WHAT NEEDS TO BE DONE:
Pictures excluded, reproduce exactly the lines below from the one with "Business card design template" through the one with "Schlüssel verloren? Hier", both included.

EXTRACTED INFORMATION:
───

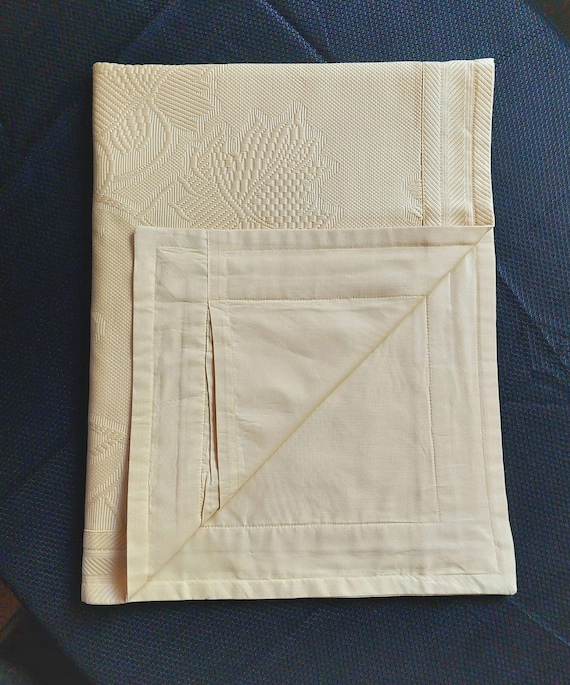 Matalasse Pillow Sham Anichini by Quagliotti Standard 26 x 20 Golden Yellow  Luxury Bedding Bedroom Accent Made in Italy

───

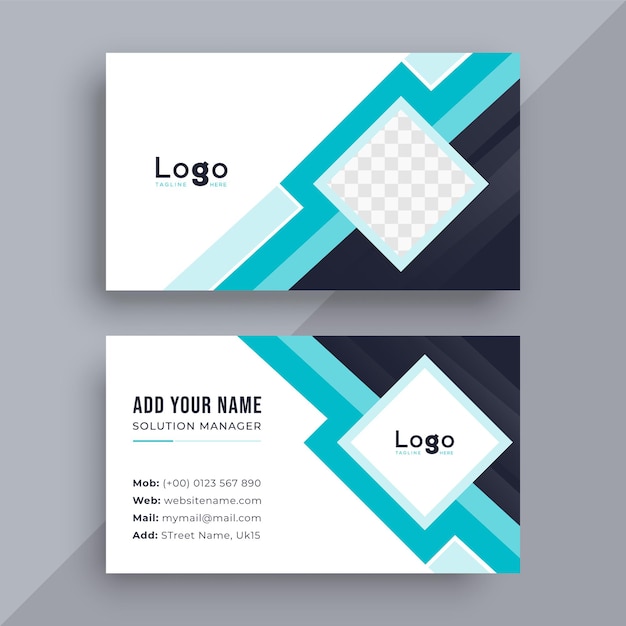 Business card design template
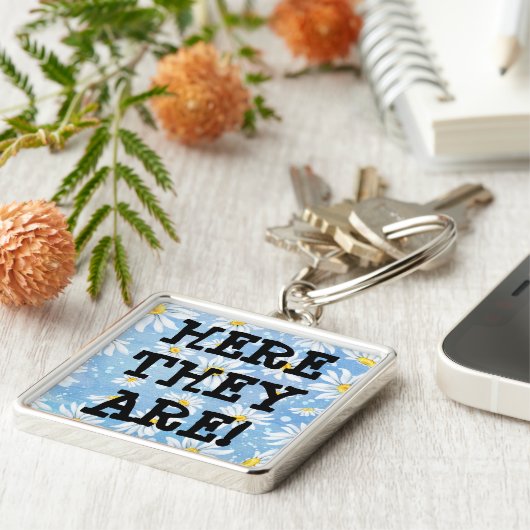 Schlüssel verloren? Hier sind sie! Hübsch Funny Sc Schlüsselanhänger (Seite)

───

TASK ANSWER:
 Business card design template
 Schlüssel verloren? Hier sind sie! Hübsch Funny Sc Schlüsselanhänger (Seite)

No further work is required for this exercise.